A newer friend was once a refugee from Poland to Italy during the time of communist rule. Her family packed for “vacation” one day, and never returned to their home country. Later she and her family would immigrate to the United States. But her story of hurried packing to leave in the middle of the night for an unknown land is eerily similar to the holy family fleeing to Egypt.  

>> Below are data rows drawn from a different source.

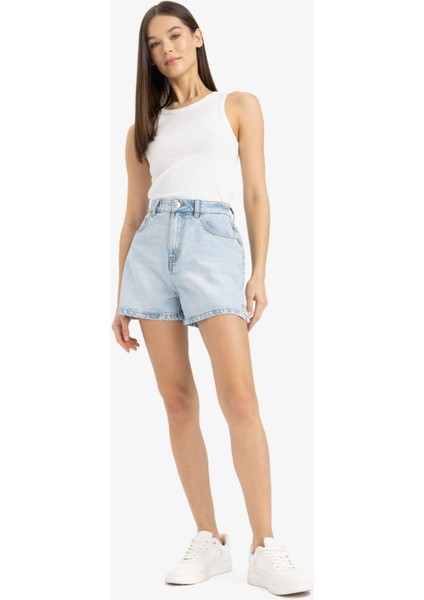 Mom Fit Yüksek Bel Kısa Paça Jean Şort E0524AX25SM fırsatları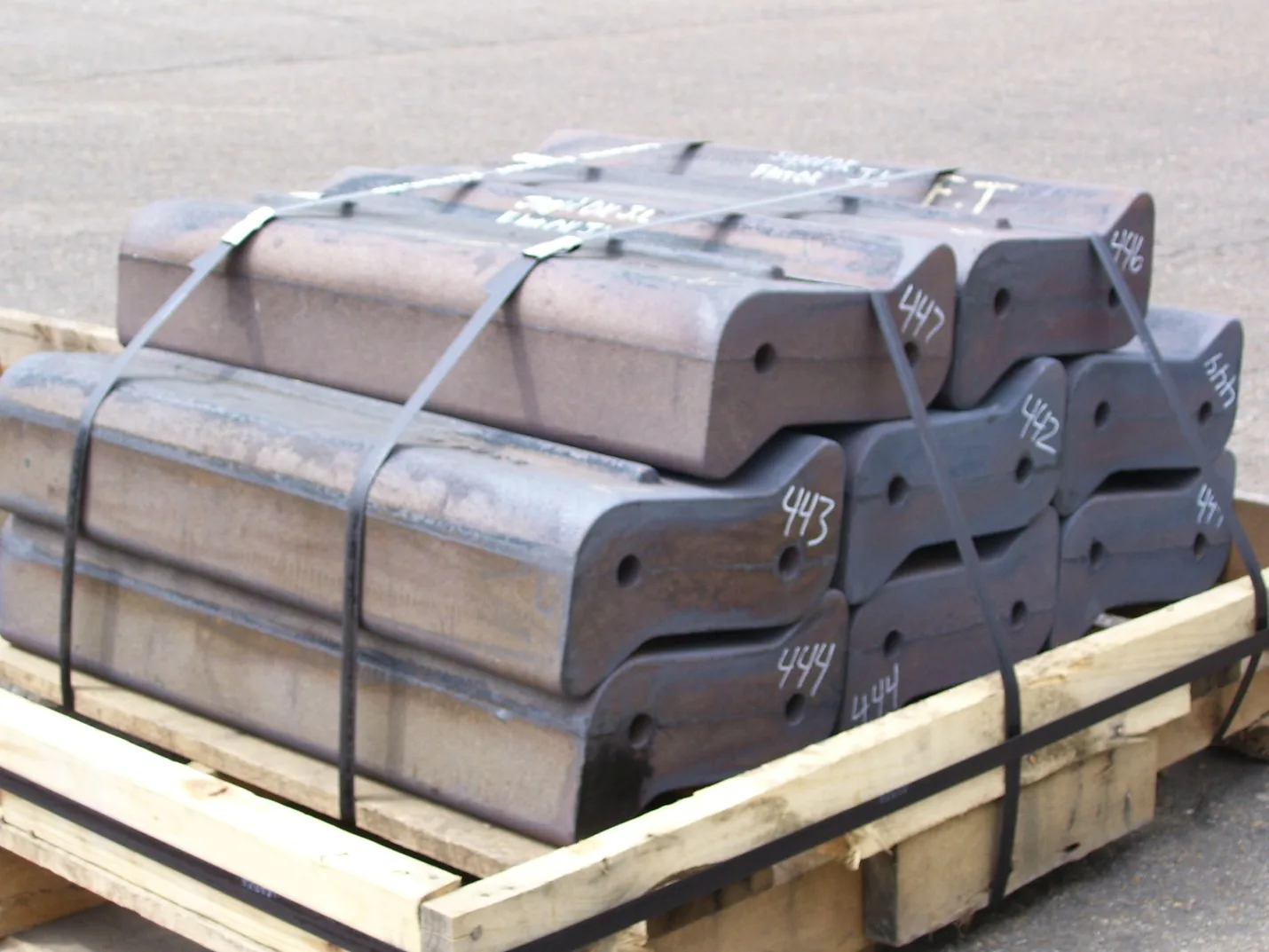 Blow bars cast, numbered and strapped for despatch at Melco Precisions
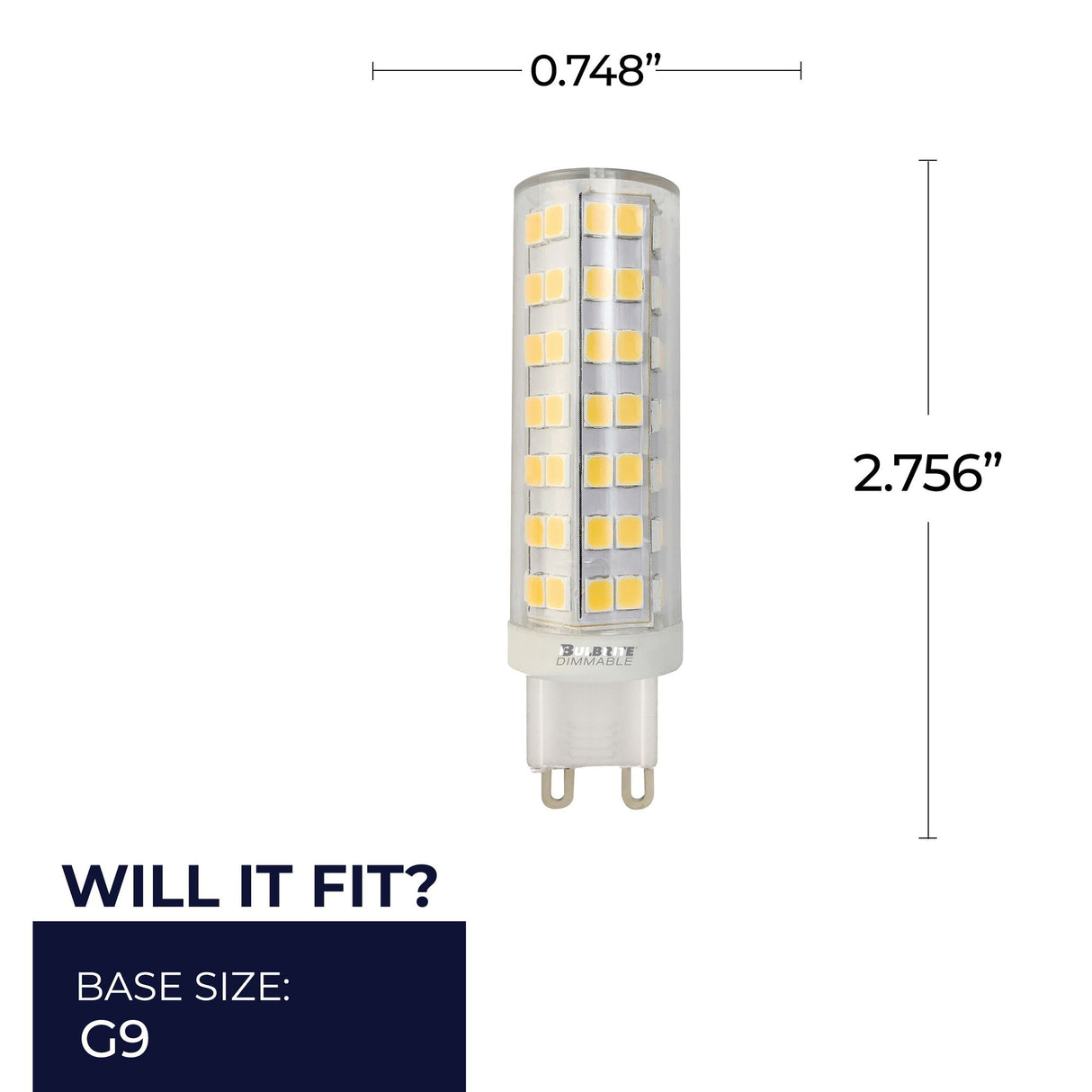 Bulbrite 862645 6.5W LED G9 Light Bulb 3000K Dimmable G9 700 Lumens 120V 2PK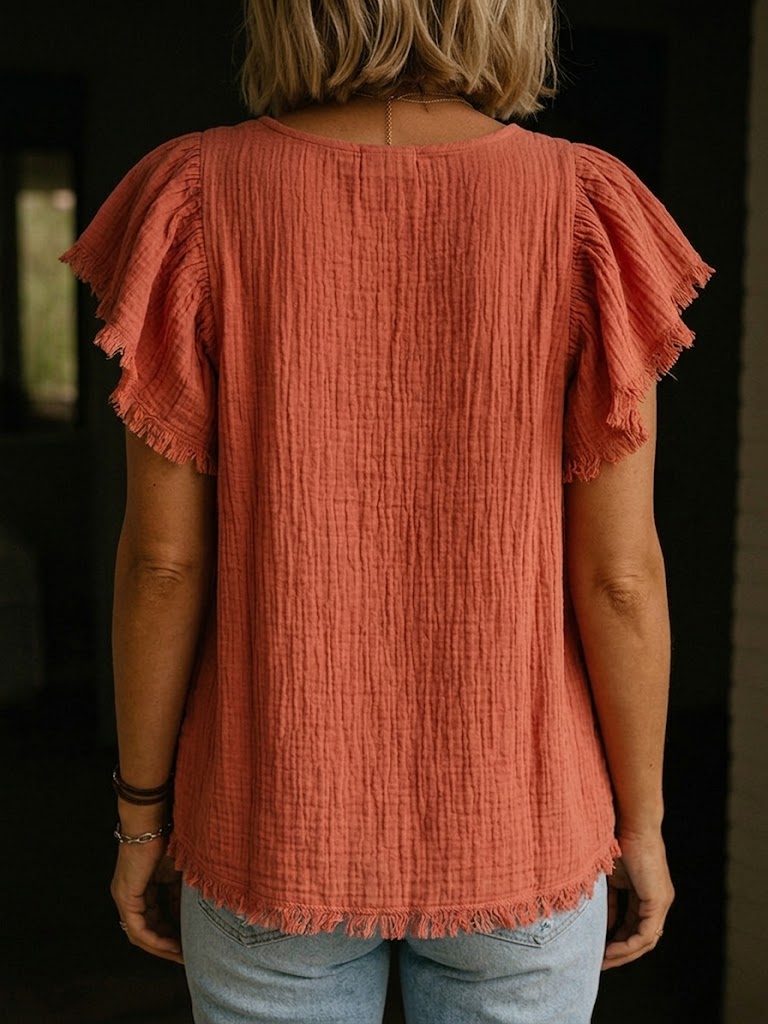 Casual Linen And Cotton Frayed-hem Top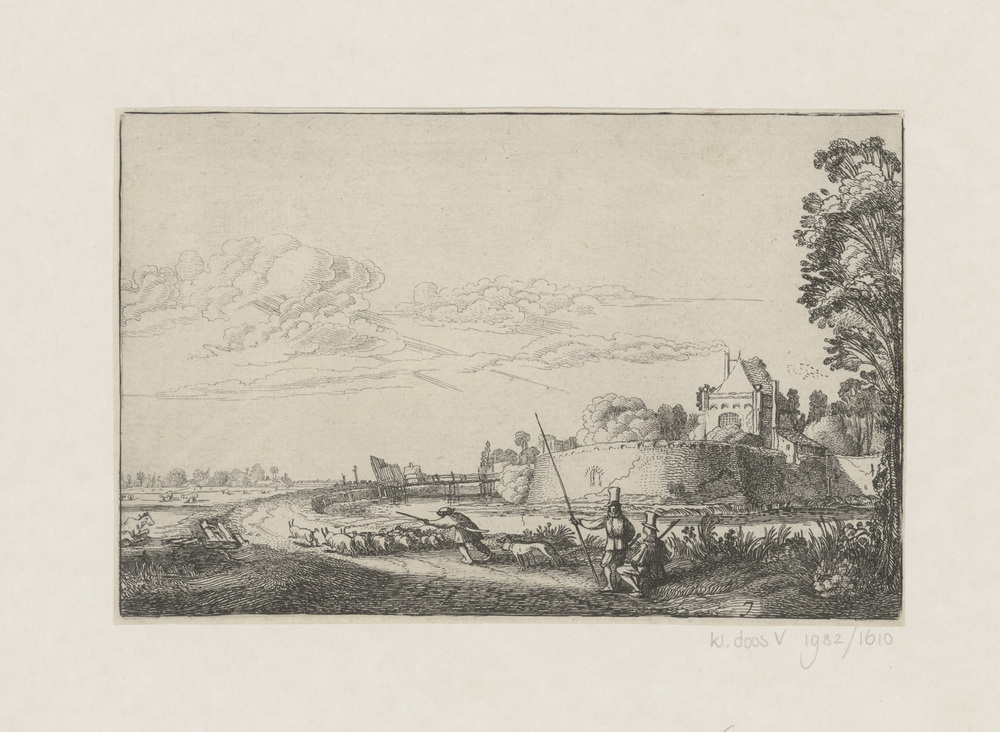 Hollands landschap met figuren (uit serie)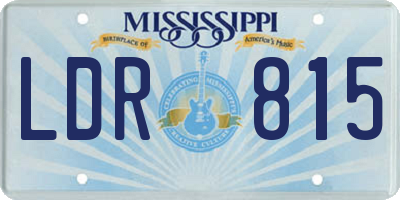MS license plate LDR815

Most recently, I became close friends with a Christian man from Iraq who has religious asylum here in the States… an even more intense version of refugee status. He literally fled for his life because the pre-curser to ISIS intended to kill all the Christians in his area. He is now very invested in helping Iraqi refugees, of all religions, start a new… yet hard life… in the United States. He tells stories of upper-class professional businessmen who are now working in gas stations. Of families who weep for their martyred relatives and the parents and children they had to leave behind. He tells of their health issues that were caused by the camps many of them stayed at. And the discrimination they face everyday from Euro-Americans who fear that they are dangerous… that they are ISIS supporters posing as harmless refugees. In some cases, the terror the media and a few high officials have spread has given Americans carte blanche to fear an entire group of people.

Until I started writing this sermon I didn’t realize how refugees have weaved in and out of my entire life. No wonder I am passionate about this topic. No wonder that my blood starts to boil when I read stupid, stupid articles or hear news clips of ignorant politicians saying racist foolishness. I hope that those statements and articles make your blood boil a bit too.

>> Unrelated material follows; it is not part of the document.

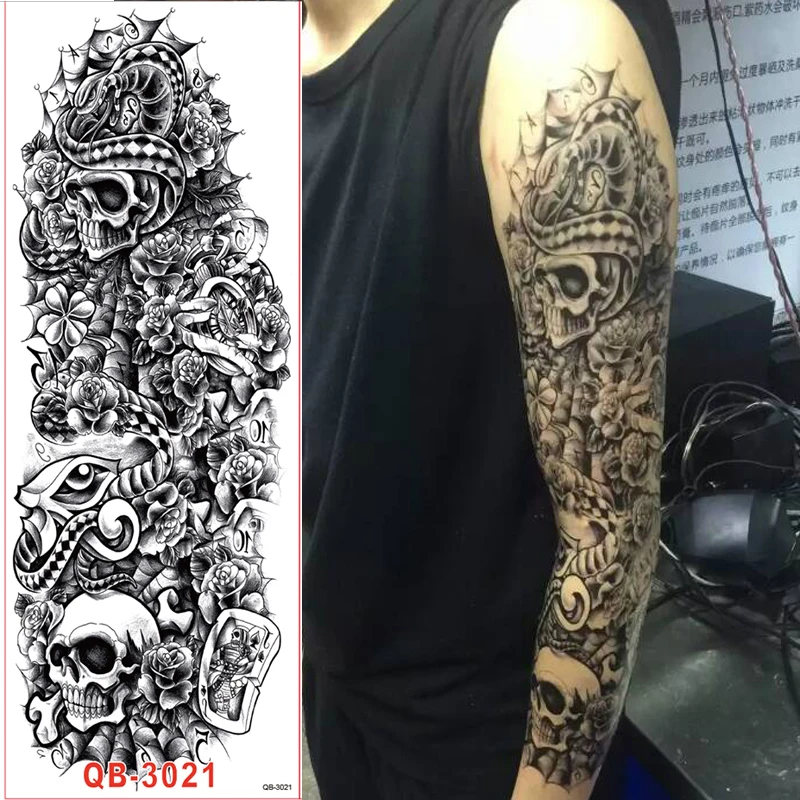 Полный рукав татуировки наклейки большая роза цветок плеча поддельные татуировки для мужчин череп смерти черный Огонь временные татуировки 48 см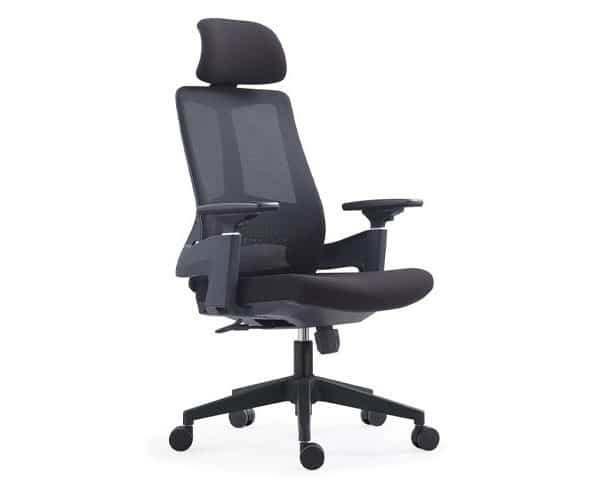 FAUTEUIL DOSSIER HAUT EN MAILLE 651AB-D NOIRE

 Because as Christians we are not supposed to live in fear of people who look different then us. We are not supposed to ignore them or just give up because there are so many… so “what can we do.”

This is a current reality that we need to be thinking about, contributing to the conversation, praying for and even tangibly doing something to care for refugees. That is the model that Jesus gave us.

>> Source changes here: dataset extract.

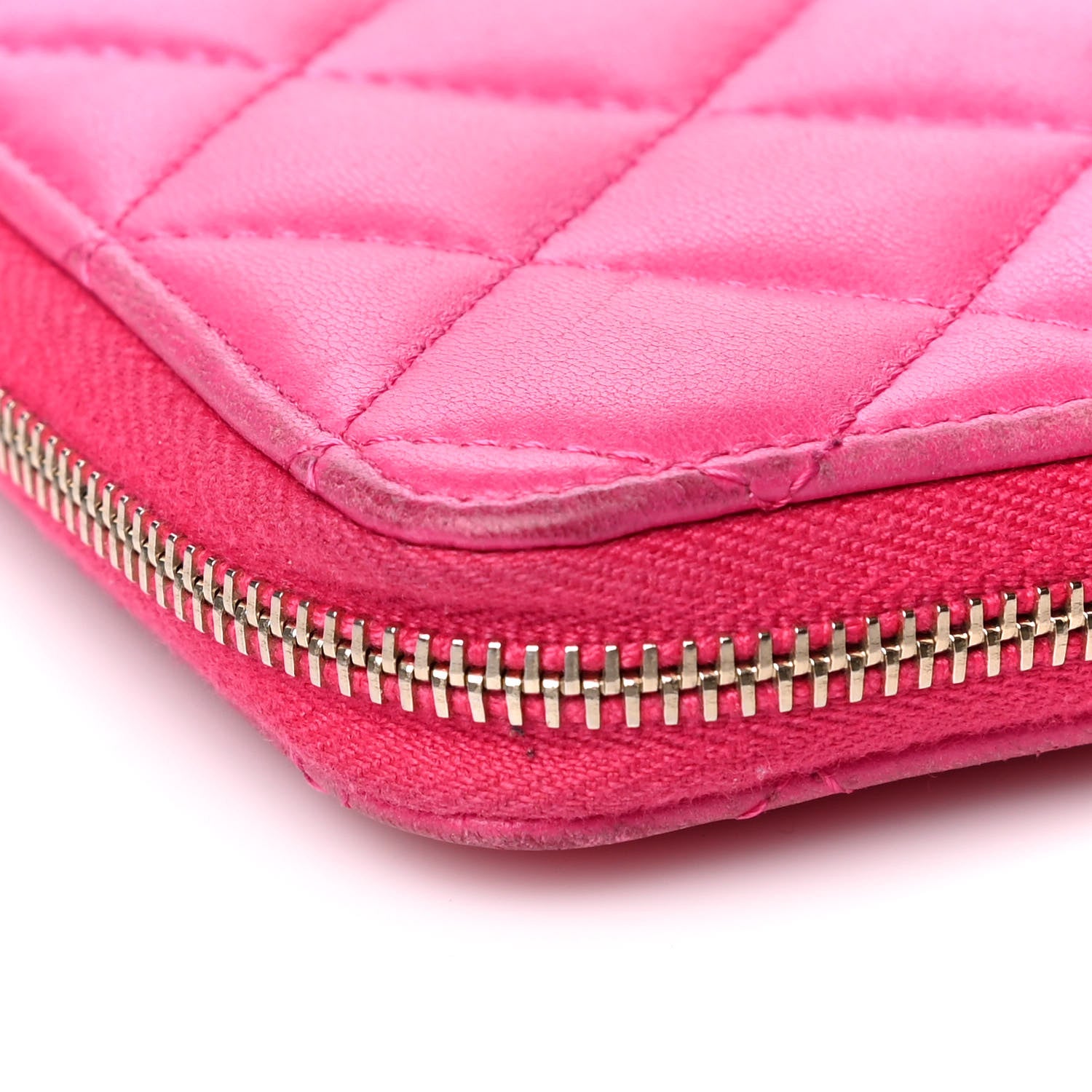 Chanel Lambskin Quilted Small Zip Around Wallet Pink 14 of 14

We will close with looking at the well-known parable of the Good Samaritan.

Luke 10:25-37 On one occasion an expert in the law stood up to test Jesus. “Teacher,” he asked, “what must I do to inherit eternal life?” 

“What is written in the Law?” he replied. “How do you read it?”

He answered, “Love the Lord your God with all your heart and with all our soul and with all your strength and with all your mind, and love your neighbor as yourself.”

“You have answered correctly,” Jesus replied. “Do this and you will live.”

But he wanted to justify himself, so he asked Jesus, “And who is my neighbor?”

In reply Jesus said: “A man was going down to Jerusalem to Jericho, when he was attacked by robbers. They stripped him of his clothes, beat him and went away leaving him half dead.” He is not a refugee… but he certainly is experiencing a painful attack and is vulnerable.

A priest happened to be going down the same road, and when he saw the man, he passed by on the other side.

So too, a Levite, when he came to the place and saw him, he passed by on the other side.

But a Samaritan, seen as lower social class citizen himself, as he traveled came where the man was; and when he saw him, he took pity on him. He went to him and bandaged his wounds, pouring on oil and wine. Then he put the man on his own donkey, brought him to an inn and took care of him. The next day he took out two denarii… that is his paycheck for two full days of work… and gave them to the innkeeper.

“Look after him,” he said, “and when I return I will reimburse you for any extra expense you may have.”

Which of these three do you think was a neighbor to the man who fell into the hands of robbers? To the man, woman or child, that through no fault of their own has become so vulnerable in their home that they must pack up and leave everything that they know and treasure.

The expert of the law replied, “The one who had mercy on him.”

Jesus told him, Jesus tells us, “Go and do likewise.”

Mary, Joseph and Jesus were refugees in Egypt some two thousand years ago. But in a very real way Jesus is still a refugee.

According to Matthew 25:37-40  Then the righteous will answer him, being Jesus, “Lord, when did we see you hungry and feed you, or thirsty and give you something to drink?

When did we see you a stranger and invite you in, or needing clothes and clothe you? When did we see you sick or in prison and go to visit you?”

The King will reply, “Truly I tell you, whatever you did for one of the least of these brothers and sisters of mine, you did for me.”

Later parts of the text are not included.